His spirit lays in these wicks, 
in this window, in this room 
right now. I continue his tradition 
even if he abandoned it. 

The rain pitter patters outside
but I don’t worry it will erase 
anything. I am cozy right 
where I am, finally at peace.  

What is freedom? Freedom 
is a choice. Will we choose it?

 

 

 



 


 

 

 

 

 

 

 

 

 

 

 

 

 

 

 

 

 

 

 

 

 

 

 

 

 

 

 

 

 

 

 

 

 

 

 

 

 

 

 

 

 

 

 

 

 

Fear and I 
I wrote this poem about the fear I was feeling in different ways. For example, those include wearing nail polish as a boy (who knew self expression could make anyone feel unsafe!), living in a mass-shooting-plagued world, and being Jewish in a world that has historically and continues to treat us with violence. I see poetry as a way to share my feelings with the world in an engaging way, as well as learn about other people's experiences and find common ground.

Listen to "Fear and I":

It’s 1998: Matthew Shepard is tied to a fence. Thought body was safe until pistol banged on head. If violence dealt the blow then hate left him dead. 

I’m at a gas station with fingernails painted the color of sweet cherries. A man and woman stare, laugh, and whisper until my face is either red from embarrassment or bottled up anger.  

I scan for warning signs. Large truck. Bumper sticker. Rifle logo. I camouflage behind the aisle like a chameleon. 

If that’s how chameleons stay alive, then what happens when the leaves rustle and branches shake and the veil of conformity disappears like dust? 

I imagine the fall of fangs on its skin or my skin or skin risky enough to be uncensored in small town America.

Fear and I are intertwined. She sees me and I see her. We don't pretend to be strangers. 

I enter an amusement park and an armed guard surveys the crowd. How can I enjoy my night when threats stain the air?  

Suddenly: Blue and red lights. Sirens. Screams. Fear lurks in every corner I turn and every person I see. She thrives in crowds. 

Sandy Hook and Orlando rattle my thoughts. Which is another way of saying I could be on a new victims list tomorrow in a speech about gun violence that I never thought I would need to contend with. 

Fear and I are intertwined. She haunts me from the news stories I’m scared to turn on at night that I know I could have been on that night. 

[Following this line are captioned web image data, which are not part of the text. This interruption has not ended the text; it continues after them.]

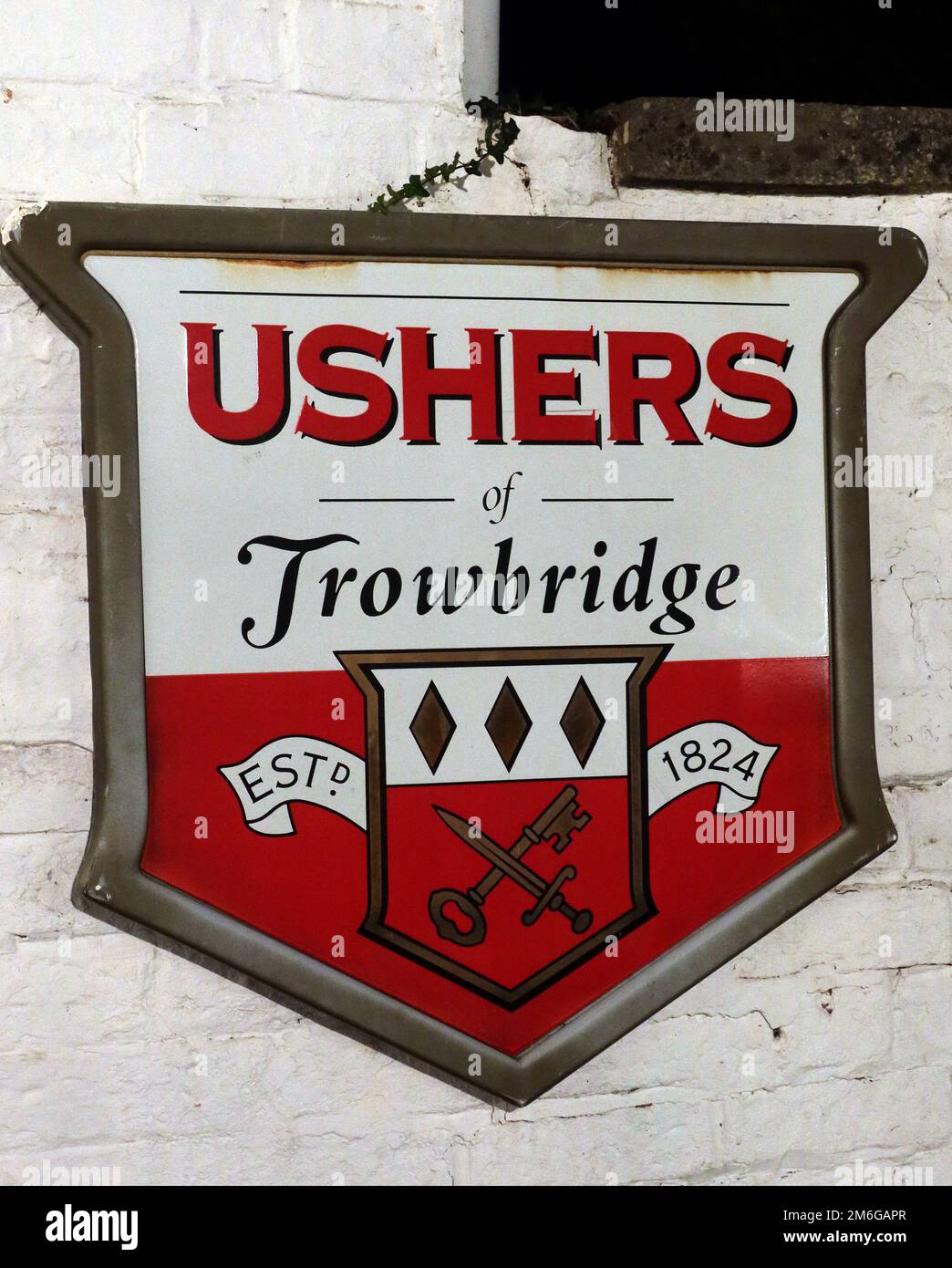 Schild „Saaldiener von Trowbridge Brewers“, Est 1824 Stockfoto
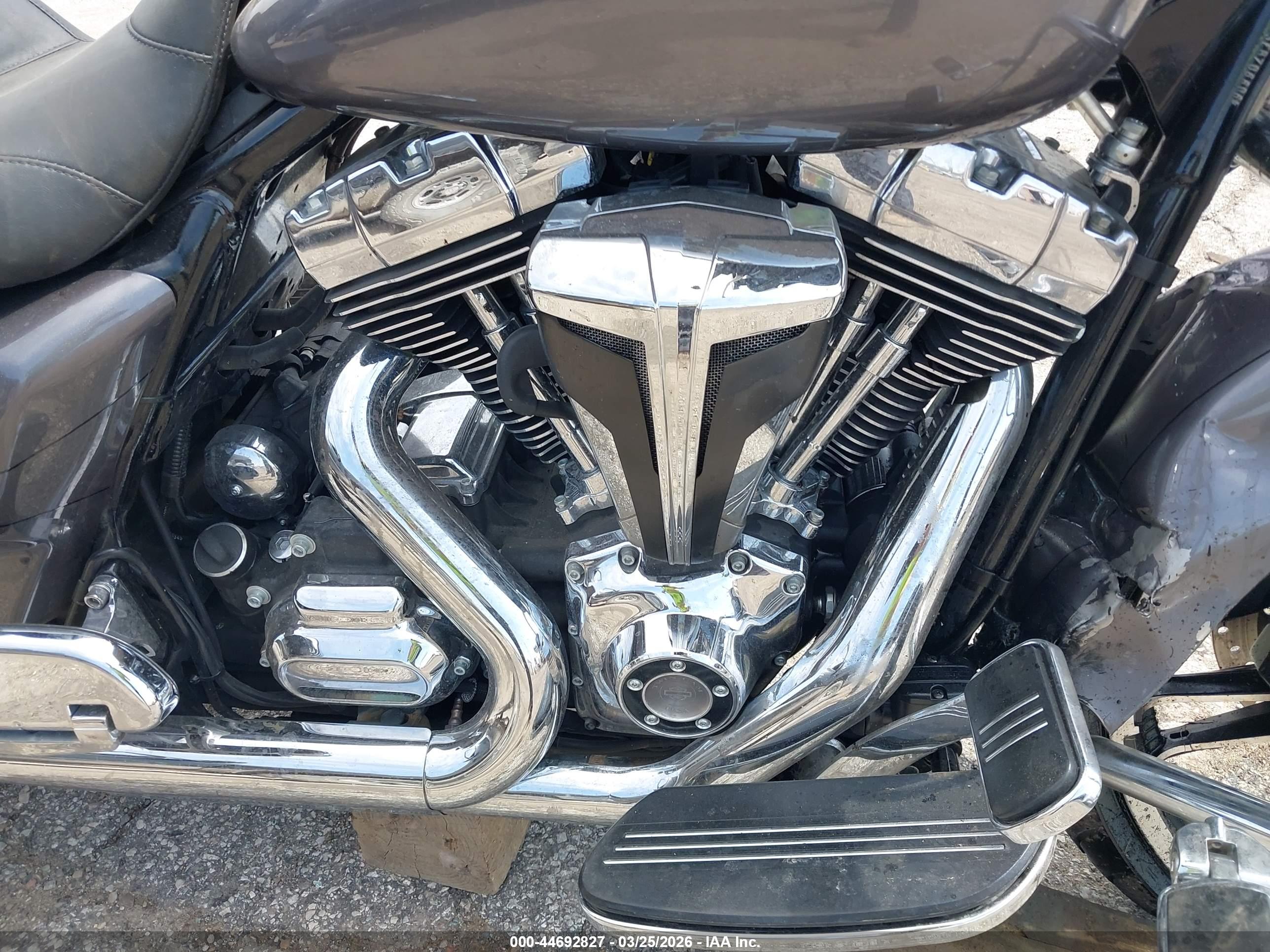 HARLEY-DAVIDSON FLHXS image 8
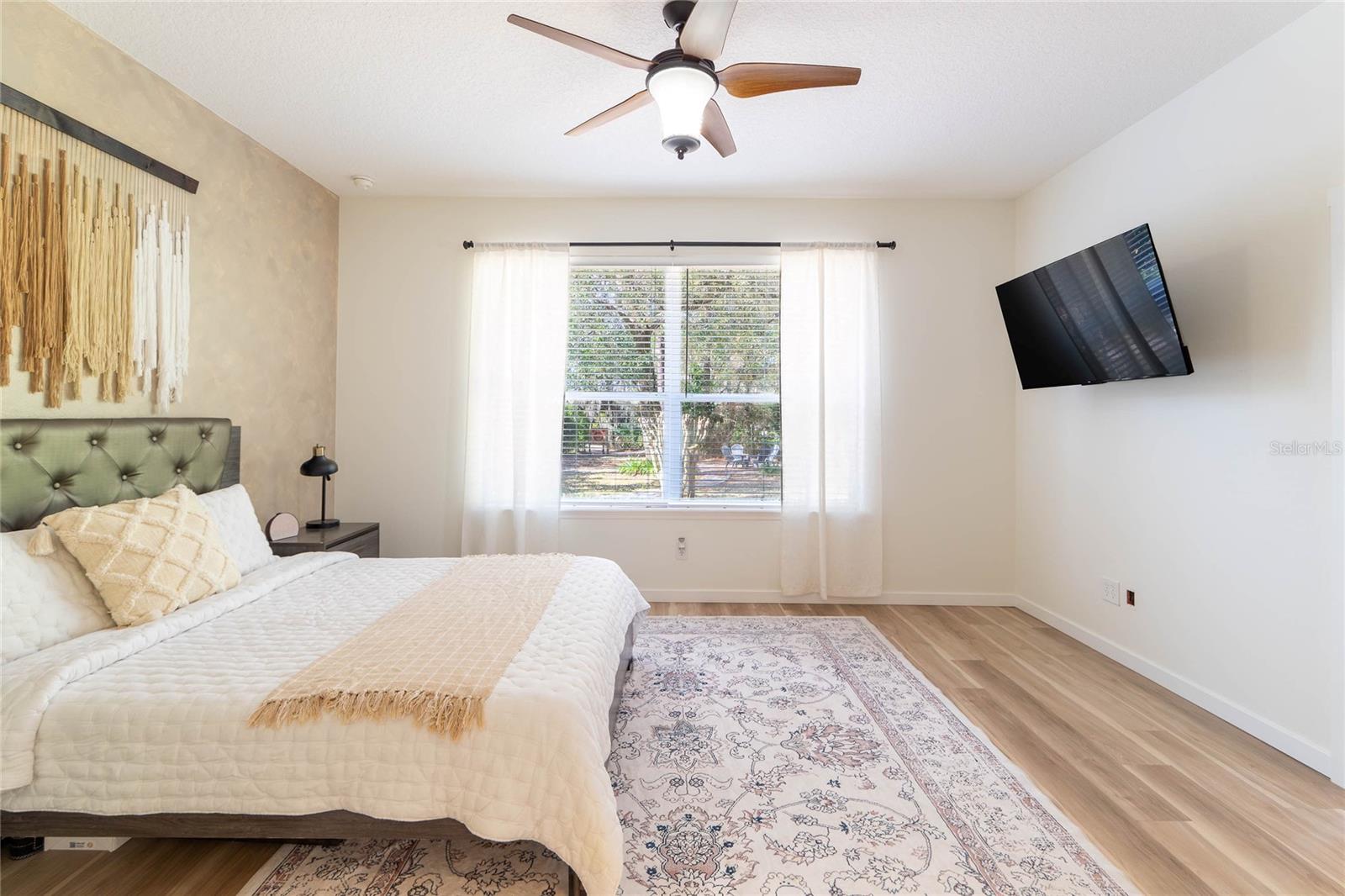 Image 14 of 36 For 184 Birchmont Drive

I ask Mom as a kid why our synagogue has a metal detector. How do you tell an eight year old about society’s thirst for violence? 

2009: a plot to bomb a Bronx synagogue is exposed. 2017: Charlottesville chants “Jews will not replace us” with torches and swastikas. 

2018: eleven are massacred in a Pittsburgh temple. 2019: five are stabbed during a New York Hanukkah celebration. 

How do you tell an eight year old about enslavement under the Pharaohs, about gas and guns, about the shadow of persecution that chased your ancestors since the beginning of time. 

The Pittsburg shooter said he wanted “all Jews to die” so don’t be surprised that I lower my voice when I practice my Hebrew in public. 

How do you tell an eight year old that safety has never kissed his people goodnight. That he lives in a world that whispers.  

Fear and I are intertwined. We fight constantly. If she wins I cower in my shell of lost moments and missed opportunities. 

If I win I chant out loud. A chant so loud I cannot shrink anymore. A chant so loud the birds rejoice on my doorstep. A chant so loud that everything and everyone that’s ever been hunted sings sweet songs.